The introduction of 3D NoC topologies added the requirement for efficiently supporting the third dimension to existing router designs. Extending the common 2D five-port router used in 2D mesh and torus topologies to seven ports by adding two additional ports was the reasonable approach [1]. However, this extension is costly in terms of chip area because the crossbar area quadratically scales with the number of ports [1]. Therefore, the 3D mesh router 7 × 7 crossbar occupies approximately double the area of the 2D mesh router 5 × 5 crossbar.
The above holds for both buffered and bufferless crossbar-based routers, such as 3DBASE (Figure 2). Additionally, in order to avoid deadlock, the baseline bufferless router sorts incoming flits by priority, so that the flit with the highest priority is always assigned to its preferred port. The usual priority metric is the packet age. This ensures freedom from the livelock, since packets that have been in the network for a long time will have priority over “younger” packets. It also requires the packet age field to be updated (incremented) by every router in the routing path.
In [15], a bufferless router with dual ejection ports for 2D and 3D NoC was proposed. It is a one-cycle bufferless router that replaces the Flit Ejector module and a MUX module in a baseline bufferless router with a simple MUX module to achieve higher performance. This approach reduces the costly deflections that occur when two flits need to be ejected at the same time, and therefore, one is deflected back into the network.

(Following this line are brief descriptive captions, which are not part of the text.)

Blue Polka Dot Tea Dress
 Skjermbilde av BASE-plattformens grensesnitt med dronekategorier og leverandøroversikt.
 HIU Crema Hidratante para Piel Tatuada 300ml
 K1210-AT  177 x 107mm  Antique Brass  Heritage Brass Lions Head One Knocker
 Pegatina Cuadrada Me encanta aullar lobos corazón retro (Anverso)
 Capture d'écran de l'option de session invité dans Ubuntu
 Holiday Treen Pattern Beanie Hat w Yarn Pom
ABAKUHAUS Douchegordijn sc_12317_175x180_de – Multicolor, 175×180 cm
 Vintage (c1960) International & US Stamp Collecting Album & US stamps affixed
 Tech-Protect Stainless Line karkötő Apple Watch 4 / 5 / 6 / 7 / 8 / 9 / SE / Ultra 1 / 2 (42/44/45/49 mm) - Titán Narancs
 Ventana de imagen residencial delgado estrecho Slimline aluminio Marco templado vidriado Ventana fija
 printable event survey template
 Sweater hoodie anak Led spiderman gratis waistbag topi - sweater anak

However, this approach does not improve the latency in the case of flits that are deflected before reaching the last router in their path.
In order to overcome the limitations of the crossbar, a single-cycle 3D bufferless router called 3DPERM with a three-stage permutation network that permutes packets based on packet age was introduced in [16]. The three-stage permutation network of 3DPERM is composed of nine permuter blocks, as shown in Figure 3. 3DPERM requires less area compared to 3DBASE, but features a lower saturation point due to the elimination of the load computation and priority sort, as well as higher end-to-end latency in cycles, particularly after crossing the saturation point. However, 3DPERM features lower end-to-end latency in nanoseconds at the low injection rates, due to the shorter critical path, and therefore, features a higher operating frequency [16]. Essentially, the permutation network approach trades-off some routing efficiency and lower saturation point for higher performance below the saturation point. Note that a permutation network-based 3D router uses nine permutation blocks instead of four for a 2D one, again requiring more than double the area.
We implemented 3DPERM in Nangate 45 nm technology and analyzed its area and critical path, as shown in Table 1 and Table 2.
In our previous work [17], an asymmetrical buffered-bufferless hybrid router for 3D NoC architectures called 3DBUFFBLESS (Figure 4) was proposed. The router was evaluated through simulation in terms of latency in cycles and number of hops, and through hardware implementation; ASIC synthesis resulted in a 45 nm technology in order to demonstrate that the router was a viable alternative to fully buffered and completely bufferless routers. Comparisons with 3DBASE and 3DPERM bufferless routers showed that 3DBUFFBLESS improves the network saturation point and achieves significantly higher performance at modest area and power costs.
A different approach to asymetrical buffered/bufferless routing was demonstrated in [18,19]. In [18], an asymmetric routing approach in bufferless 3D NoC proposed using interleaved edge routers to increase NoC performance. The approach in [19] was demonstrated in a 2D network on FPGA. Both approaches featured asymetryat the network level, combining buffered with bufferless routers in the same network, while our work featured a hybrid buffered/bufferless router.
In [20], we presented a different approach for improving a permutation network-based bufferless router: permuting and ejecting flits based on the approximate instead of accurate comparison of the priority metric (packet age). By only comparing a subset of the bits in the packet age, flits were classified as old, medium and young, giving priority to one age class over another while selecting pseudo-randomly between two packets in the same age class. Experimental results showed that this approach, while simplifying the calculation of packet priority, still ensures that older packets have priority over younger ones. The simplified permutation logic led to a higher operating frequency and reduced area at the cost of slightly reduced routing efficiency, since more packets are misrouted.
Since then, approximate bufferless routing has been used in ABNOC, an approximate bufferless NoC, proposed in [21], that uses an approximate allocation mechanism and a packet approximation method to decrease the packet retransmissions and network conflicts. Evaluation results, under synthetic traffic, guarantee retransmission and latency reduction. However, the design was evaluated and an improvement in bandwidth was demonstrated compared to previous work [22].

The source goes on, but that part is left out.